O pesadelo da bailarina toma forma na figura de duas colegas de profissão: a veterana Beth (competente aparição de Winona Ryder), que foi forçada a abandonar a equipe por conta da idade, e a novata sedutora Lily (impressionante atuação de Mila Kunis, da série “That 70′s Show”). Enquanto Beth ilustra passado e futuro, Lily personifica o inimigo interno de Nina no presente.Na busca pela perfeição e na tentativa de provar a Thomas que é capaz de expor seu lado mais selvagem, Nina é conduzida de tal forma pelo papel que interpreta que não consegue perceber os limites entre sonho e realidade, que começam a definir sua vida. Aos poucos, seu destino se sobrepõe ao enredo de “O Lago Dos Cisnes”. Seu lado negro, exemplificado pela essência de sua feminilidade, aflora e toma conta de sua personalidade sem que ela consiga controlá-lo. Dá-se inicio a uma metamorfose (física, mental, imaginativa, real, ou todas ao mesmo tempo) que conduzirá a protagonista a conflitos que levarão, personagens e plateia, a um destino perturbador.
Natalie Portman, a alma do filme, brilha grandiosamente neste papel que lhe exigiu esforço intenso em conhecimento, aprimoração e domínio das técnicas de dança. Foram quase 12 meses de preparo para que a atriz conseguisse expor, de maneira plausível, o retrato de uma bailarina devorada pela ambição. A atriz, que já havia sido indicada ao Oscar pelo seu papel coadjuvante em “Closer – Perto Demais”, dificilmente sairá da cerimônia deste ano sem a estatueta de Melhor Atriz em mãos. “Cisne Negro” concorre ainda nas categorias de Melhor Filme, Diretor, Fotografia e Edição – reconhecimento mais que merecido. Lamenta-se apenas a Academia não ter indicado a avassaladora atuação de Mila Kunis como coadjuvante.Aronofsky arquiteta uma trama de padrões narrativos complexos, cujo ritmo é determinado pela constante mudança entre sonho e realidade, que tornam o filme uma experiência sensorial inebriante. O estilo visual de “Cisne Negro” se molda por cortes rápidos, movimentos vertiginosos de câmera e close-ups espetaculares que promovem uma assombrosa harmonia entre o que se vê, o que se ouve e o que se sente na tela. Enquanto os olhos são paralisados pela beleza da composição cênica (principalmente a cena em que Nina dança e se “transforma” em cisne), os ouvidos são tomados pela penetrante trilha sonora – que utiliza trechos da peça de Tchaikosvky, música eletrônica dos Chemical Brothers e as composições de Clint Mansell, parceiro tradicional de Aronofsky.

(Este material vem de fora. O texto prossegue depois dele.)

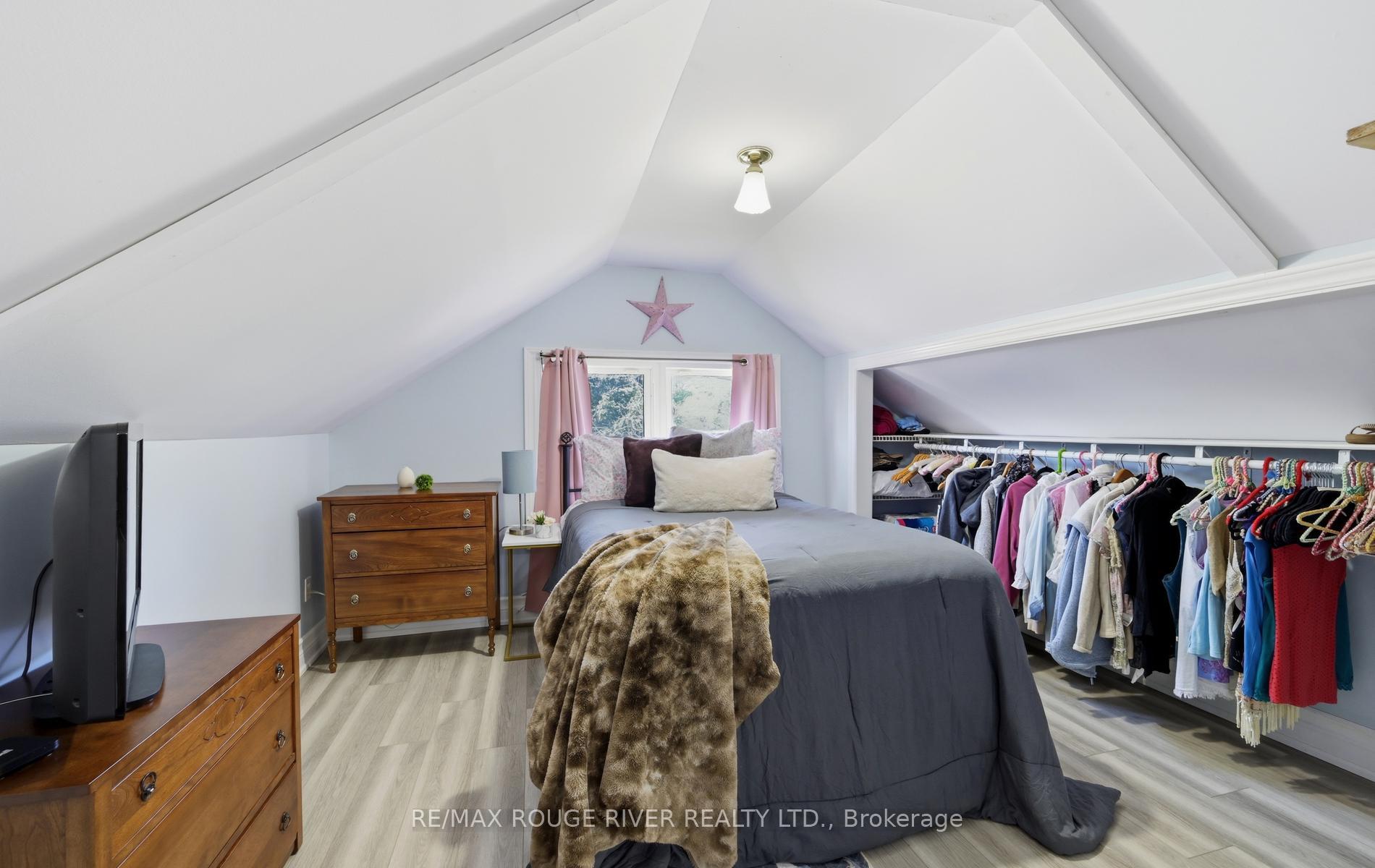 Photo 60 of 303 Burns Street E, Whitby, Downtown Whitby — HOMEH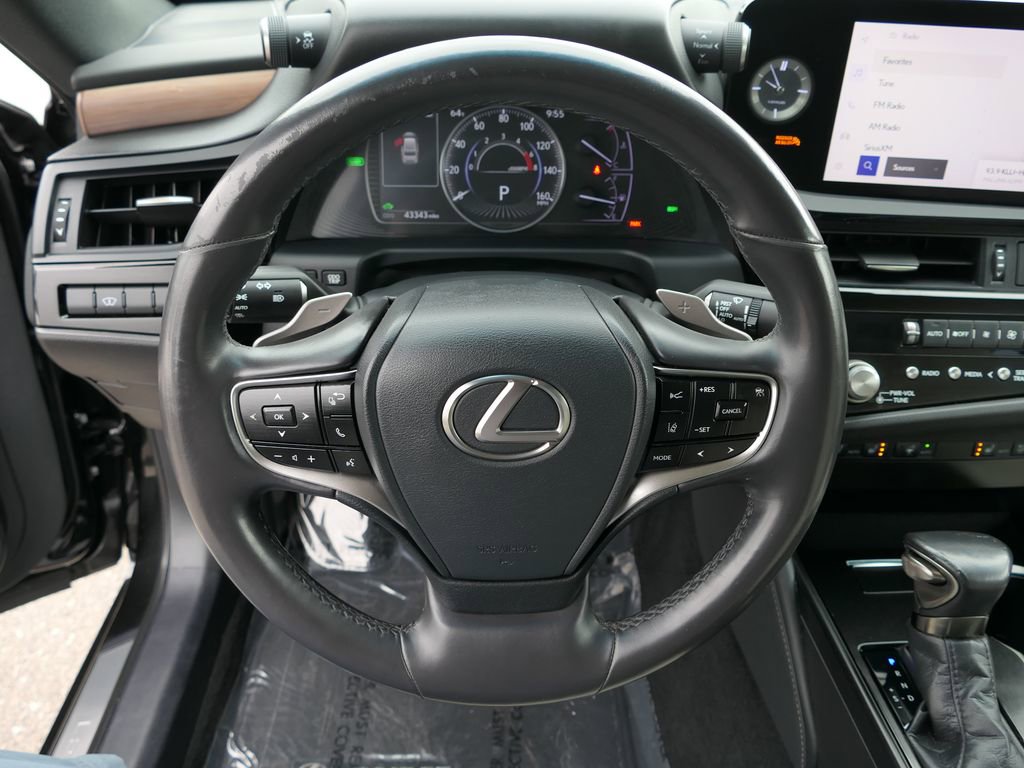 Used 2024 Lexus ES 300h w/ Premium Package FWD image 18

É possível sentir na pele cada arranhão, cada sangramento, cada ferida a cicatrizar no corpo da personagem. À medida em que cresce a paranóia de Nina, cresce o interesse do espectador pelo desfecho da trama.Ao optar por elucidar as artimanhas do roteiro através de imagens e não por palavras, como usualmente acontece em Hollywood, o diretor convida o público a apreciar a loucura e a sensatez de sua protagonista sem propor julgamentos. “Cisne Negro” é construído sobre a ambiguidade e reside aí seu maior atrativo. Darren Aronofsky monta espelhos e materializa ilusões que promovem excitação, curiosidade, medo e angústia a quem se propor imergir completamente em sua história. Cenas que se mostram inofensivas revelam-se brutais e momentos de extremo impacto psicológico acabam por prestar-se inspiradores.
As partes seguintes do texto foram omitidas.